DART makes a further distinction between specific observation types and generic quantities. Essentially, an observation type can be considered to be instrument-specific and the quantity is something you learned about in physics. As an example, ‘RADIOSONDE_TEMPERATURE’ is an observation type of the fundamental quantity ‘TEMPERATURE’. The role of the various obs_def input files is to define the mapping between the types and quantities, and optionally to provide type-specific processing routines. Specifying many observation types allows DART to be able to evaluate some observations and assimilate others - even if the instruments measure the same quantity.
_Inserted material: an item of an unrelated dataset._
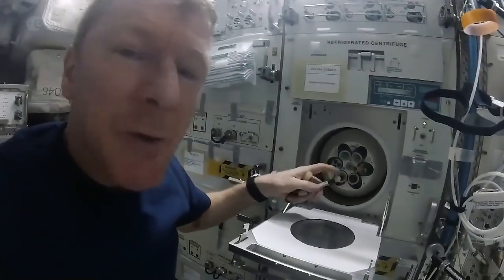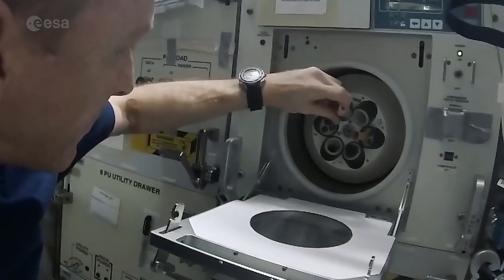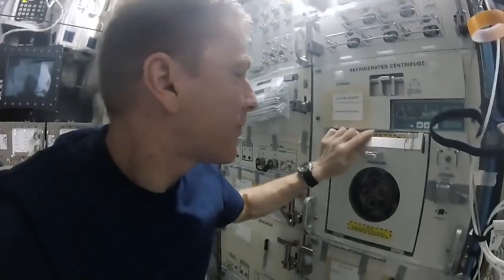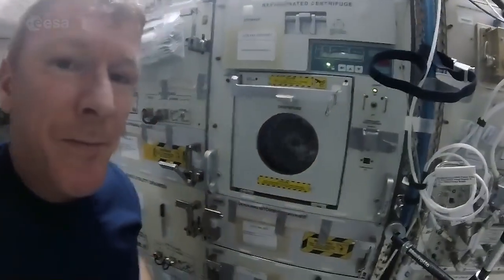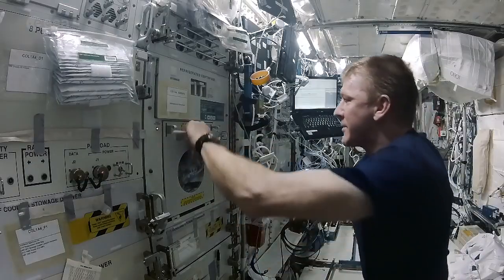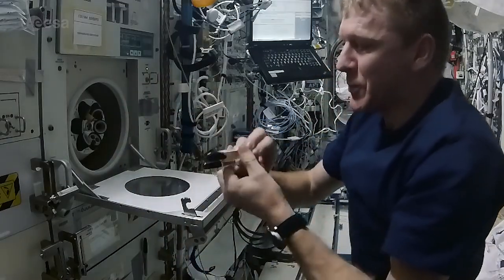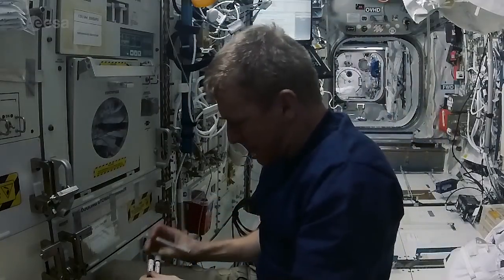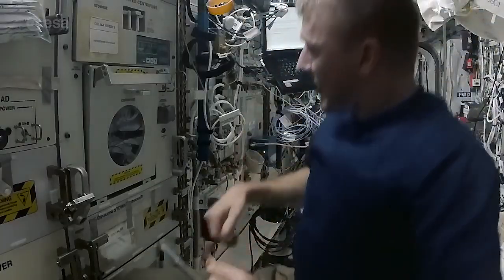In the centrifuge we've got a couple of counterweights so that it is equally balanced. All looks good, settings are all okay, and we just need to press start. The centrifuge has stopped and the door is now unlocked. There we have our two tubes. Just need to write my name, date, and time on them. Ready to go over into the freezer.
A single obs_def output module is created by the program preprocess from two kinds of input files. First, a DEFAULT obs_def module (normally called DEFAULT_obs_def_mod.F90 and documented in the DARTHOME/observations/forward_operators directory) is used as a template into which the preprocessor incorporates information from zero or more special obs_def modules (for example, obs_def_1d_state_mod.f90 or obs_def_reanalysis_bufr_mod.f90) as documented in the DARTHOME/observations/forward_operators directory. If no special obs_def files are included in the preprocessor namelist, a minimal obs_def_mod.f90 is created which can only support identity forward observation operators.

Adding a new observation quantity

The DARTHOME/assimilation_code/modules/observations/DEFAULT_obs_kind_mod.F90 file must be edited to include a unique integer identifier for the quantity. There are two, sometimes three places in the file that require modification. The first is in the table of existing NAME-value pairs and the second is perhaps halfway down the file in the section after:

! DART PREPROCESS OBS_QTY_INFO INSERTED HERE

If you add an observation quantity with an integer value greater than max_defined_quantities, make sure you increase max_defined_quantities.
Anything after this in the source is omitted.